Task objective.
With pictures left out, output exactly the lines of the listing below from the line that has "Rockville Doppio Ripiano" to the line that has "Chibi Football Player Details and Uniform", both lines kept.

Material for the task.
┌──

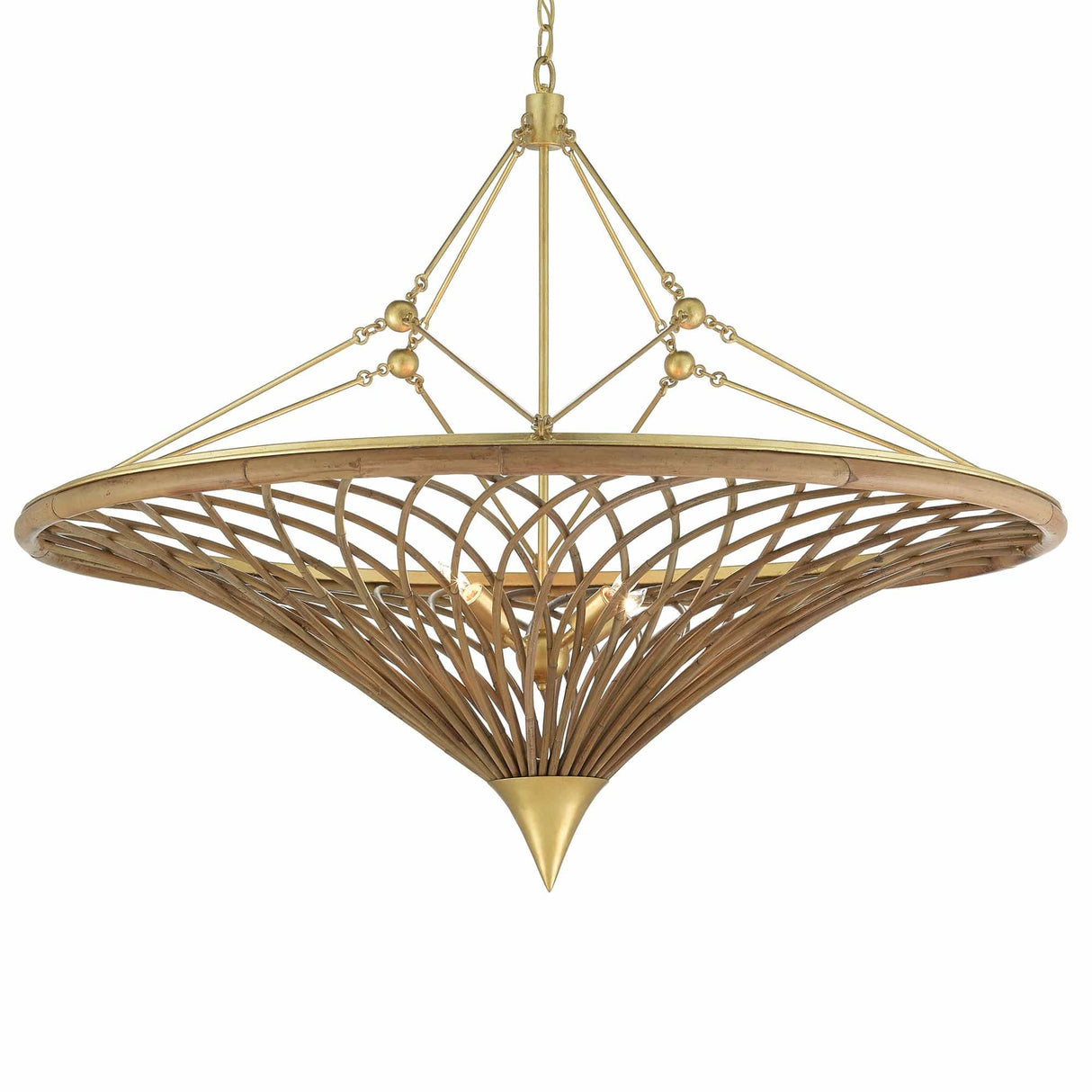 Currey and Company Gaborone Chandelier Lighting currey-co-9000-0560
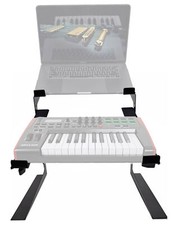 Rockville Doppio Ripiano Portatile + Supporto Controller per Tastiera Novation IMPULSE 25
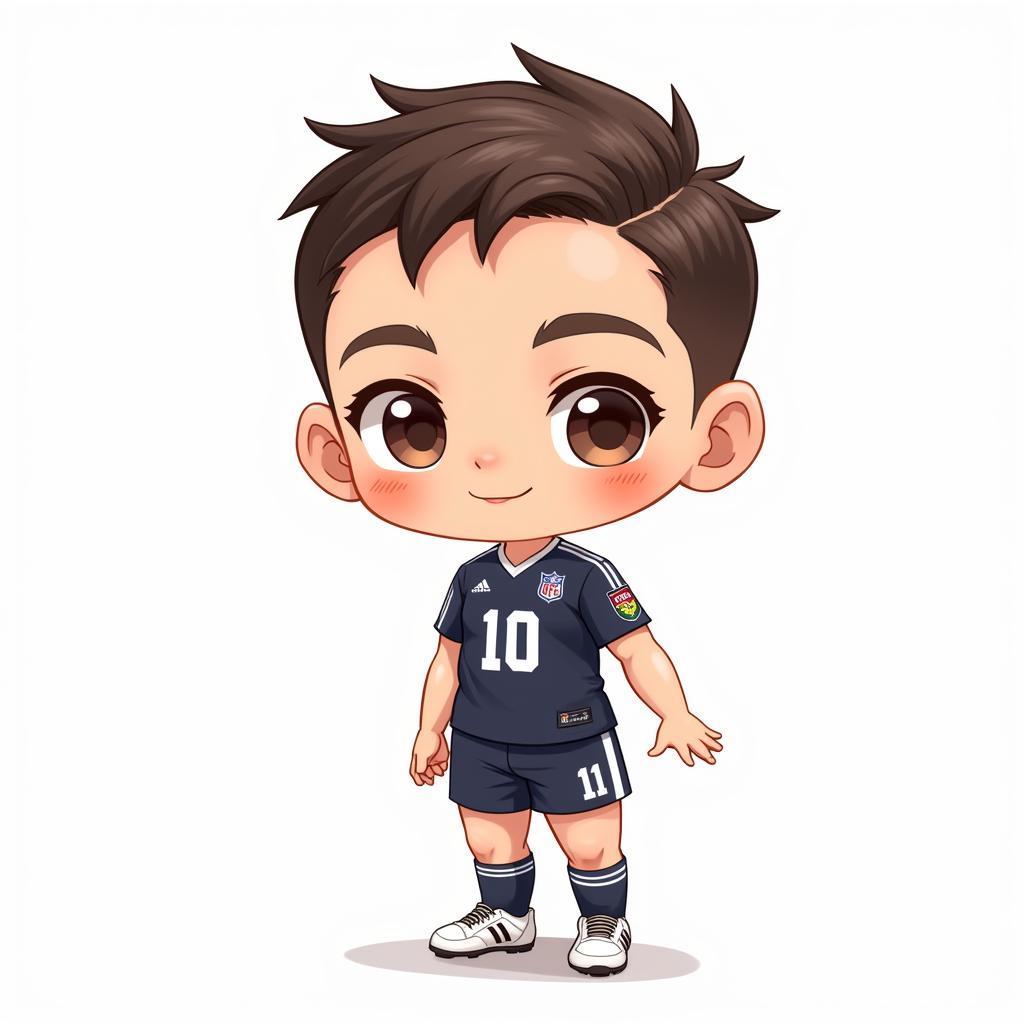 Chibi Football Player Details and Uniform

└──
┌──

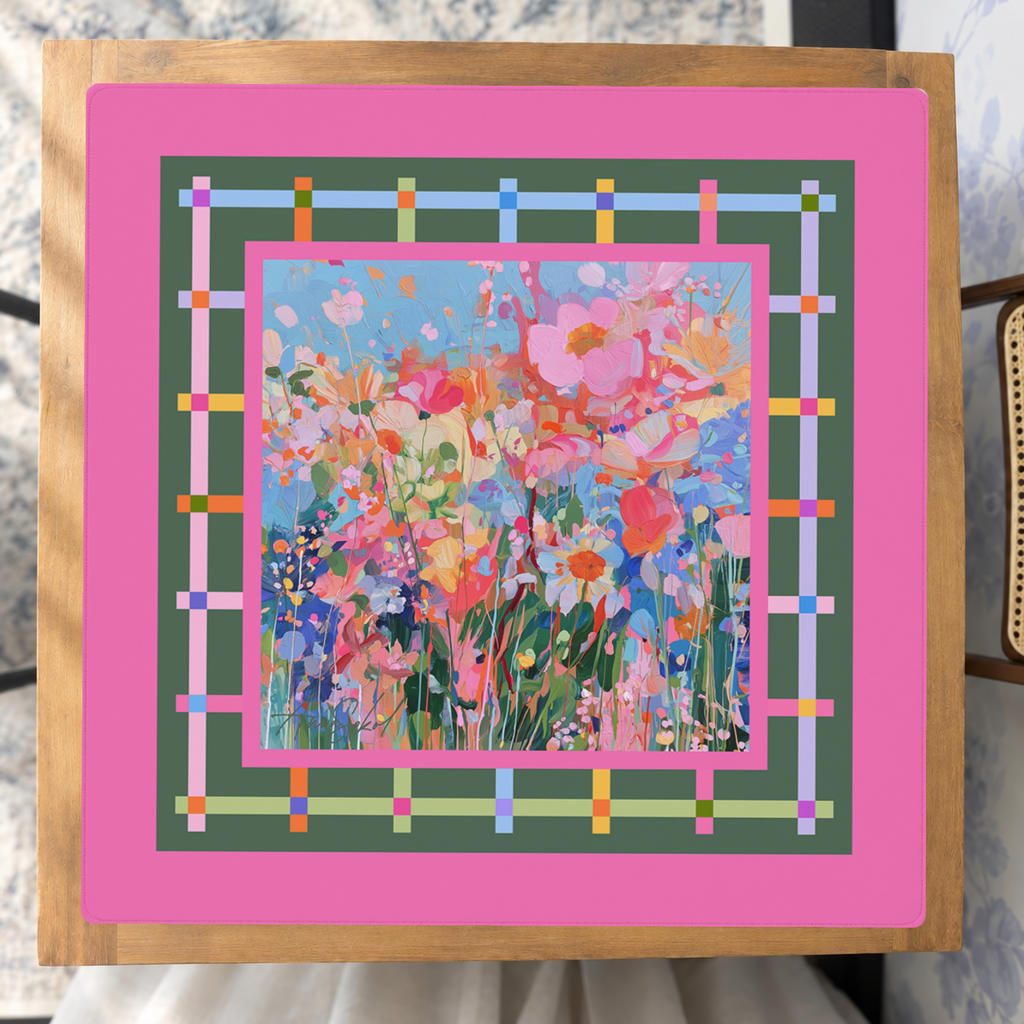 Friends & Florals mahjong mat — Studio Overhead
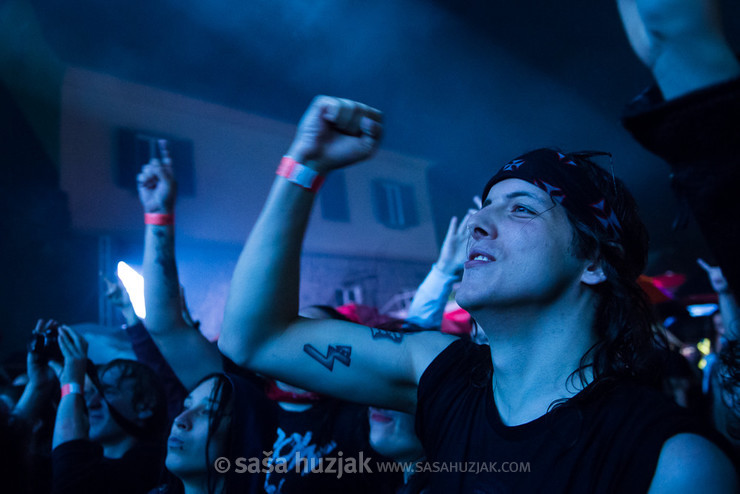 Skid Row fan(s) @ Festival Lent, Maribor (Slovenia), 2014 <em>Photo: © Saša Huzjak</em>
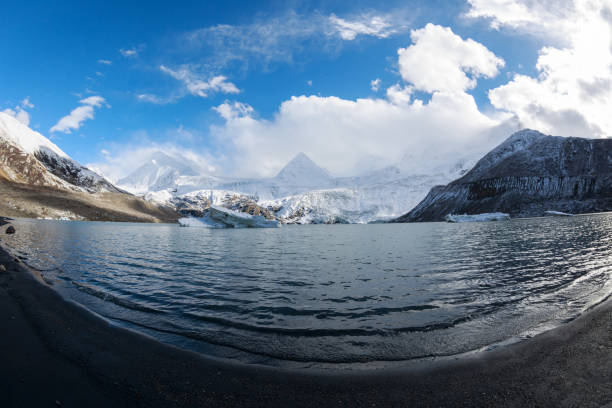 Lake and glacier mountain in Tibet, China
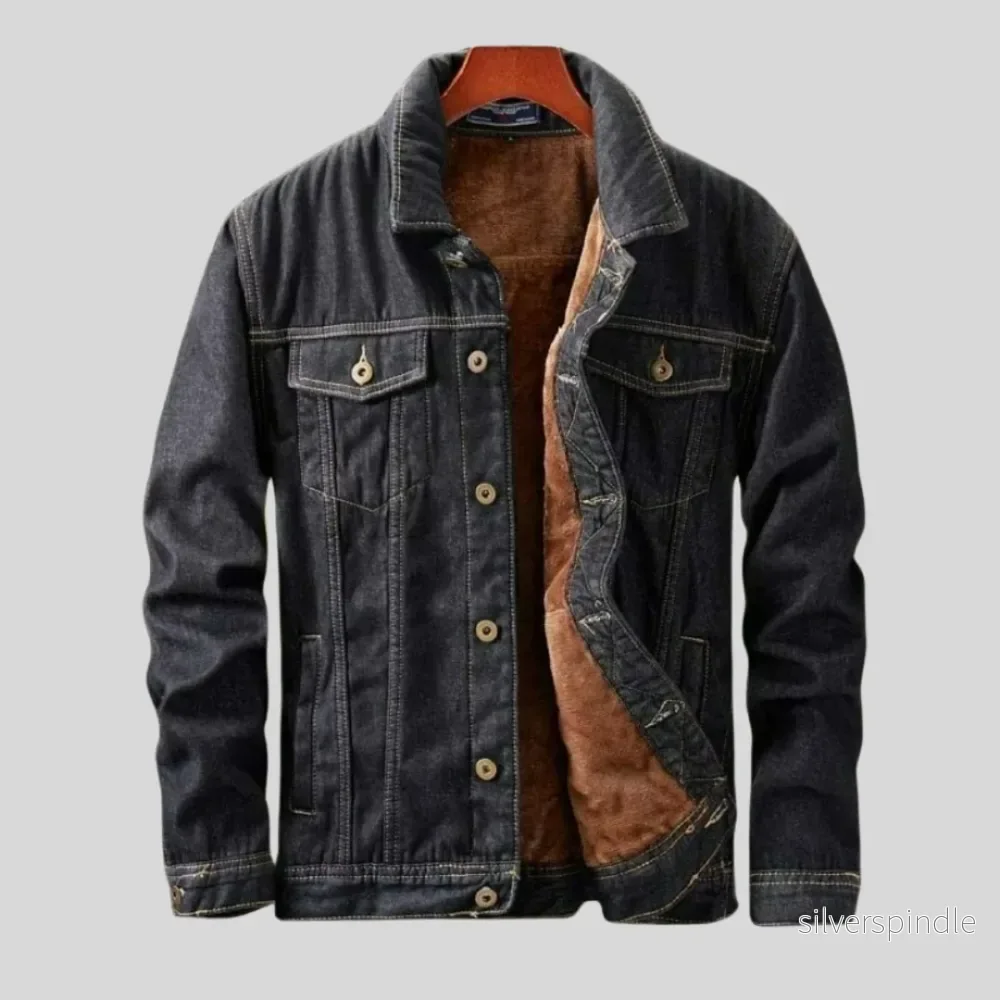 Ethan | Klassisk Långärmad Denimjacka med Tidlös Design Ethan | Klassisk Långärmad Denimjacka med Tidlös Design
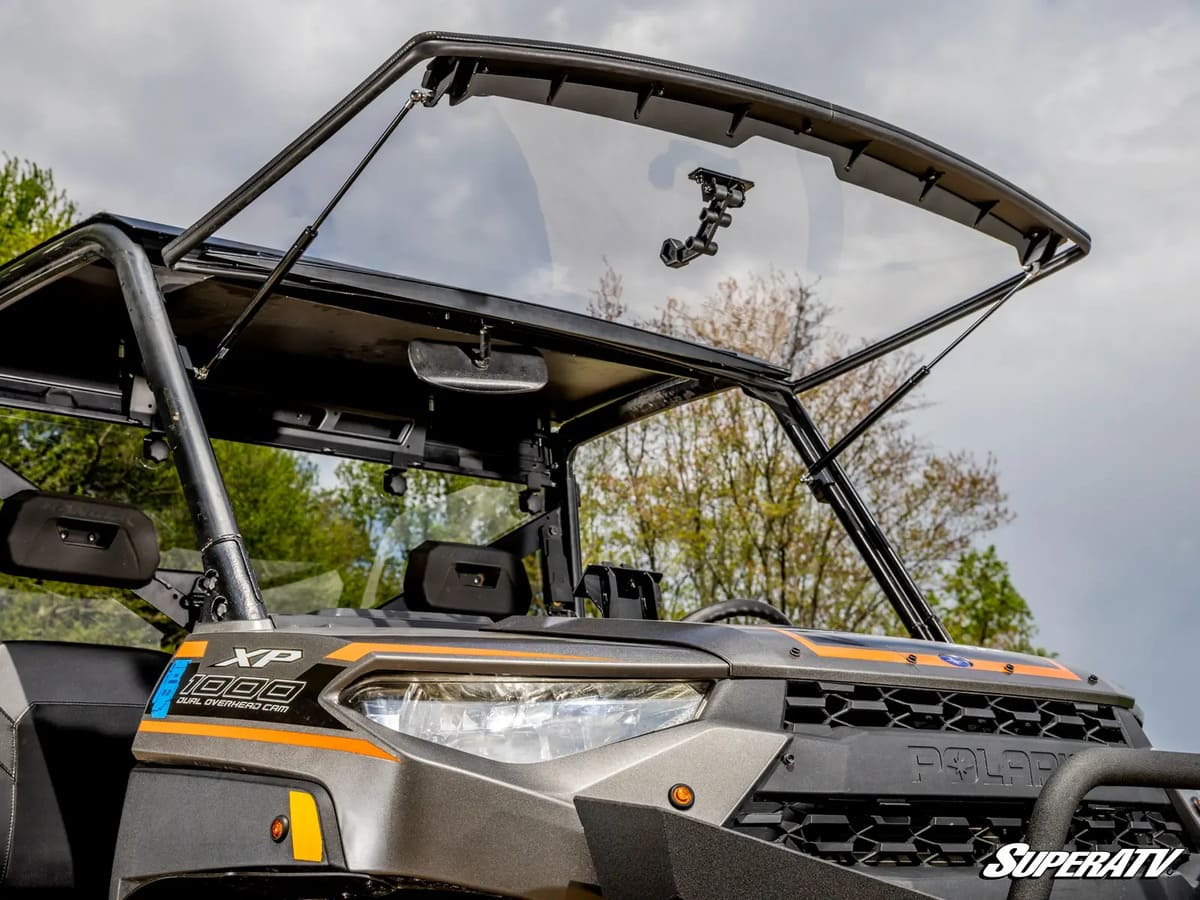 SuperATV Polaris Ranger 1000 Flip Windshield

└──

Response below.
 Rockville Doppio Ripiano Portatile + Supporto Controller per Tastiera Novation IMPULSE 25
 Chibi Football Player Details and Uniform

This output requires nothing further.